====== Information provided ======

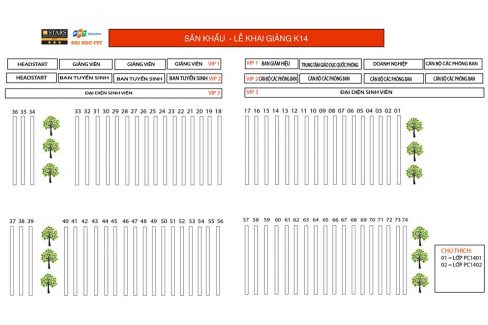 Không khí háo hức chuẩn bị lễ khai giảng chào đón tân sinh viên ĐH FPT K14
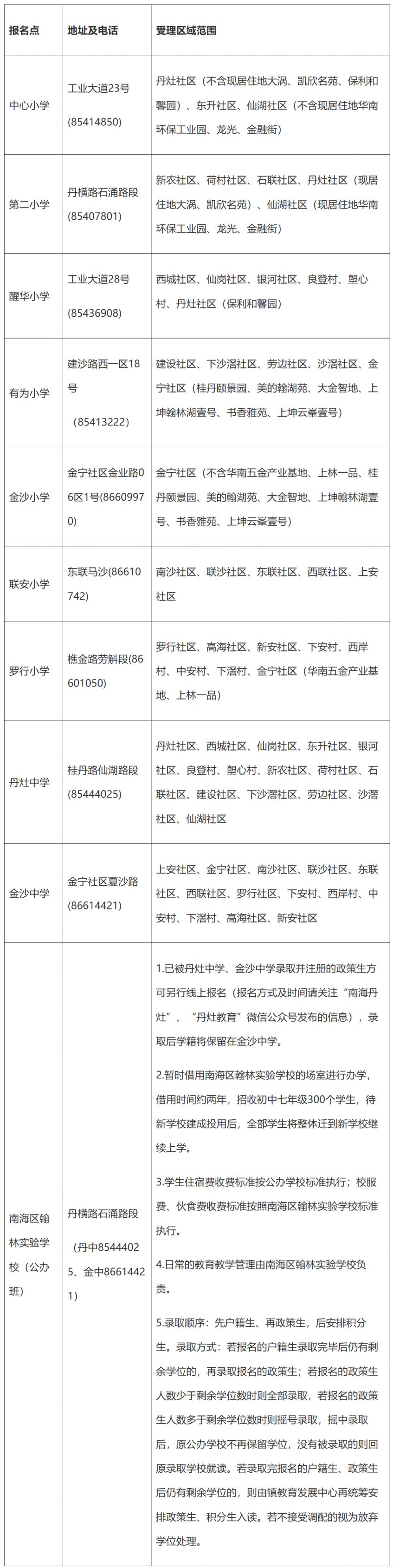 2026南海丹灶公办中小学政策报名条件+材料+报名范围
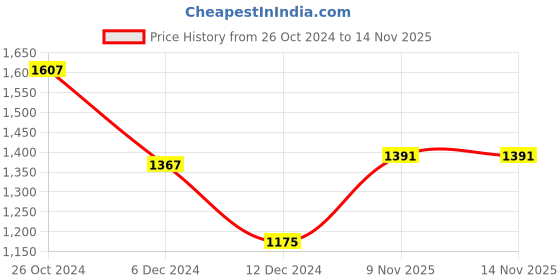 myntra.com Styli PU Swagger Handheld Bag styli Price History Graph from 26 Oct 2024 to 13 Nov 2025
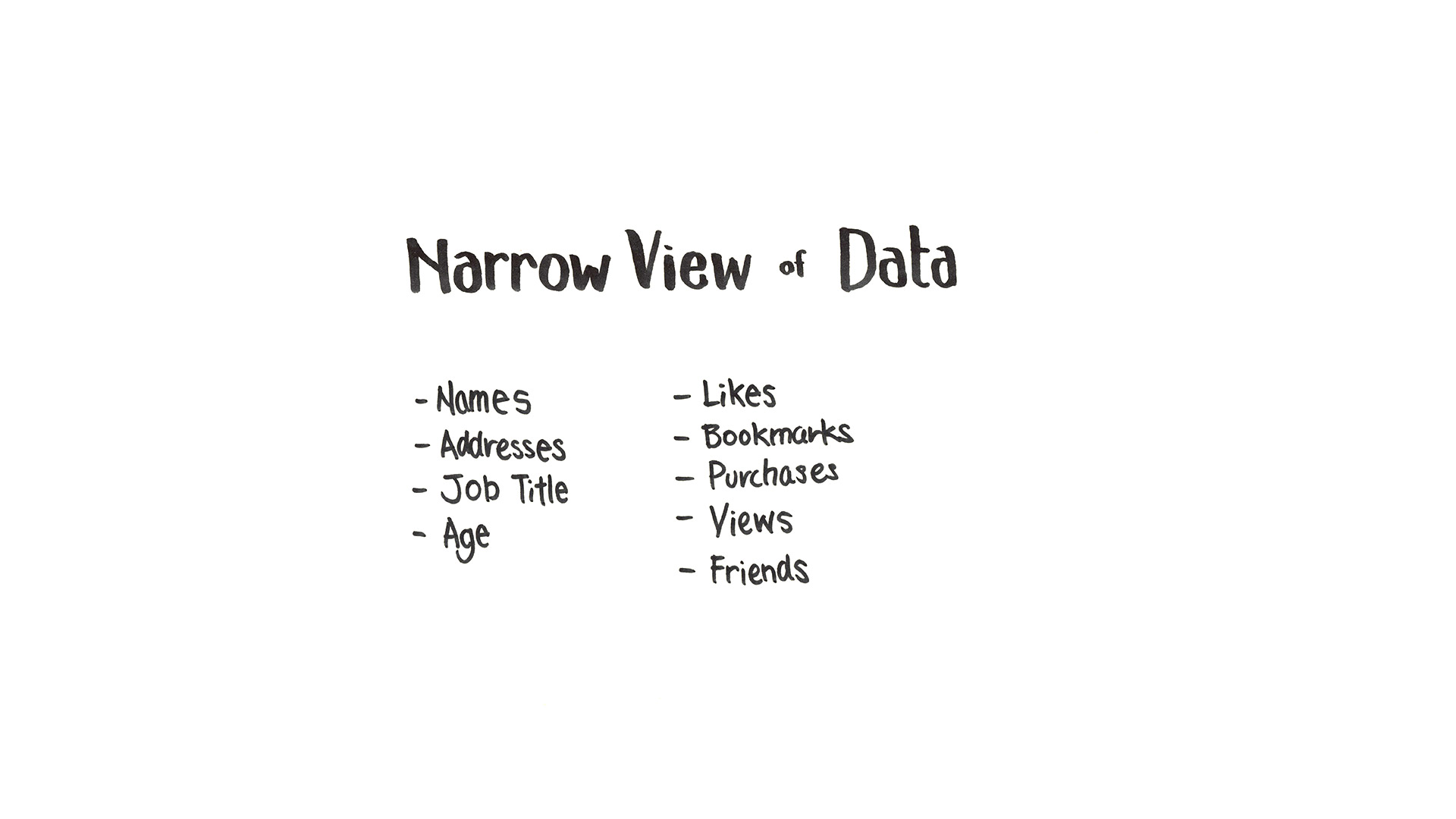 narrow-view-of-data.jpg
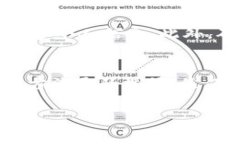 在进行加密货币转账时，＂tokenim地址备注＂通常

======

What the task asks — Repeat each line of the records above exactly, but do not copy the pictures.

Written solution —
 Không khí háo hức chuẩn bị lễ khai giảng chào đón tân sinh viên ĐH FPT K14
 2026南海丹灶公办中小学政策报名条件+材料+报名范围
 myntra.com Styli PU Swagger Handheld Bag styli Price History Graph from 26 Oct 2024 to 13 Nov 2025
 narrow-view-of-data.jpg
 在进行加密货币转账时，＂tokenim地址备注＂通常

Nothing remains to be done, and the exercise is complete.